Try this fun southwestern take on classic deviled eggs. With tastes of pico de gallo and lime, you’ll never go back!
Author:Sarah | Away From the Box
Total Time:15 minutes
2 plum tomatoes, diced
1/2 white onion, diced
1 jalapeno, stemmed, seeded and diced
4 sprigs cilantro, minced
9 hard boiled eggs
2 tsp whole grain garlic mustard or dijon
3 TB mayonnaise
1/4 tsp Tajin seasoning* + more for garnish
In a small bowl, combine the tomatoes, onion, jalapeno and cilantro and set aside.
Slice the eggs in half lengthwise and place the yolks in a bowl. Mash them with a fork and then mix with the mustard, mayonnaise, Tajin and about 4 TB of the pico de gallo mixture.

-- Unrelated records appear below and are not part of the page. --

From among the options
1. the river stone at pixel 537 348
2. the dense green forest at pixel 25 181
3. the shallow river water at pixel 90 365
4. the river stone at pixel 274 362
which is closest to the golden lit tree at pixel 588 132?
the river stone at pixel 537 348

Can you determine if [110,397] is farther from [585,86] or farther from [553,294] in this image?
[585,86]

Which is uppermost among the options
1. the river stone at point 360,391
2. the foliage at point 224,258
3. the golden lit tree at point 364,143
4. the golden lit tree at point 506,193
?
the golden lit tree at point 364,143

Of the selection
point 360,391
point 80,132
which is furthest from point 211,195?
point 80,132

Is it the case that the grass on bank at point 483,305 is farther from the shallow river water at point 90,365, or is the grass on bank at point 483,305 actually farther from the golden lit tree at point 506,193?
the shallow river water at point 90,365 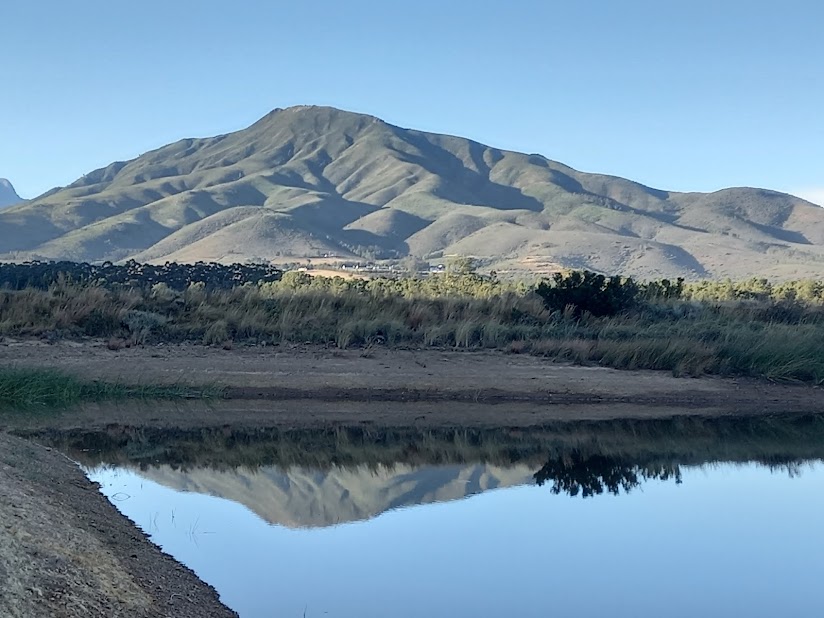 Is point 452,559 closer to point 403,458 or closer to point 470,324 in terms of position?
point 403,458

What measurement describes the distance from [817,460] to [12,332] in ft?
56.9

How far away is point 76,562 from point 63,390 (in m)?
12.6

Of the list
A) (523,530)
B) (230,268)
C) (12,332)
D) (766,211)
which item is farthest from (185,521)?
(766,211)

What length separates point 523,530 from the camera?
12.2 meters

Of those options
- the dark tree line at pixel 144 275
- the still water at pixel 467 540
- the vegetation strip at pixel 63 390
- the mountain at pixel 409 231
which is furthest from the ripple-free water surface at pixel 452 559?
the mountain at pixel 409 231

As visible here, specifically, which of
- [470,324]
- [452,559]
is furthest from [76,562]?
[470,324]

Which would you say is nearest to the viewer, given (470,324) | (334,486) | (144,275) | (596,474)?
(334,486)

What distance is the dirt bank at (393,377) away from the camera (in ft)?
71.4

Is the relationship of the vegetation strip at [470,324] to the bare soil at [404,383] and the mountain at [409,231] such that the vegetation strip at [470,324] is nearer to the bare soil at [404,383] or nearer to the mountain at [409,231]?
the bare soil at [404,383]

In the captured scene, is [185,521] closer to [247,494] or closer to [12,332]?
[247,494]

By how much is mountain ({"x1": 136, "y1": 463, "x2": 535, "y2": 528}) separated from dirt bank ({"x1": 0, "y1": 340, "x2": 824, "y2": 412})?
639cm

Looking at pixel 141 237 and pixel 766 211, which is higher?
pixel 766 211

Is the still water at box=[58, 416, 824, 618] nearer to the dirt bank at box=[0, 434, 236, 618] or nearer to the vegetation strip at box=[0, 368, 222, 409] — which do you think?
the dirt bank at box=[0, 434, 236, 618]

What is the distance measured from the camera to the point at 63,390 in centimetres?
1997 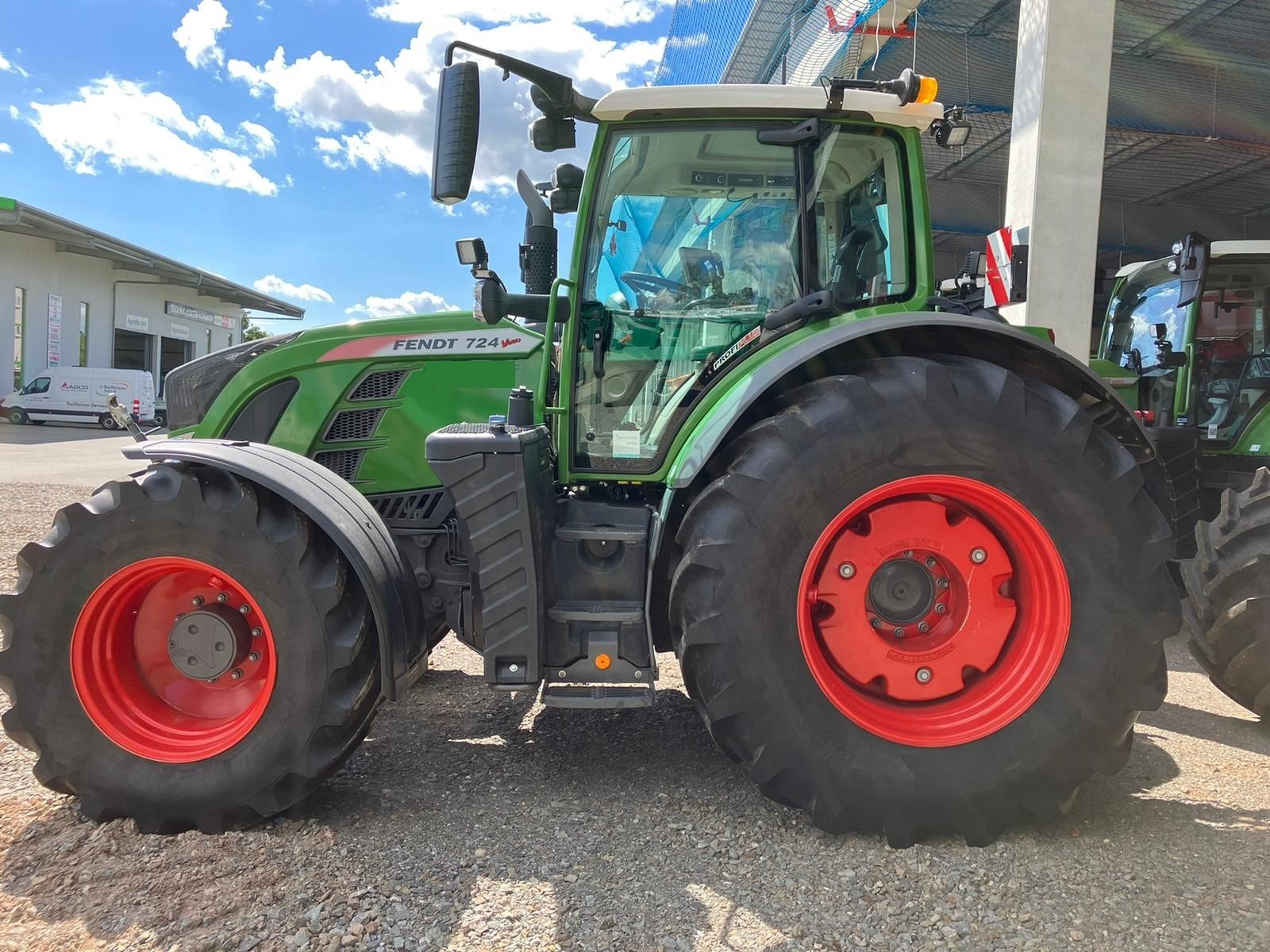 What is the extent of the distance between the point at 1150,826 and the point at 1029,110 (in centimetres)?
598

Arrange your egg whites on a serving dish and pipe** or fill them with the yolk mixture.
Sprinkle them with just a pinch of the Tajin seasoning and garnish with remaining pico de gallo.
*If you can’t find Tajin, cayenne pepper or paprika plus a pinch of salt and a splash of lime juice will give a similar result.
**Cheap piping bags can be found at most craft stores or a fold-over plastic bag will work. Just snip off a corner and pipe.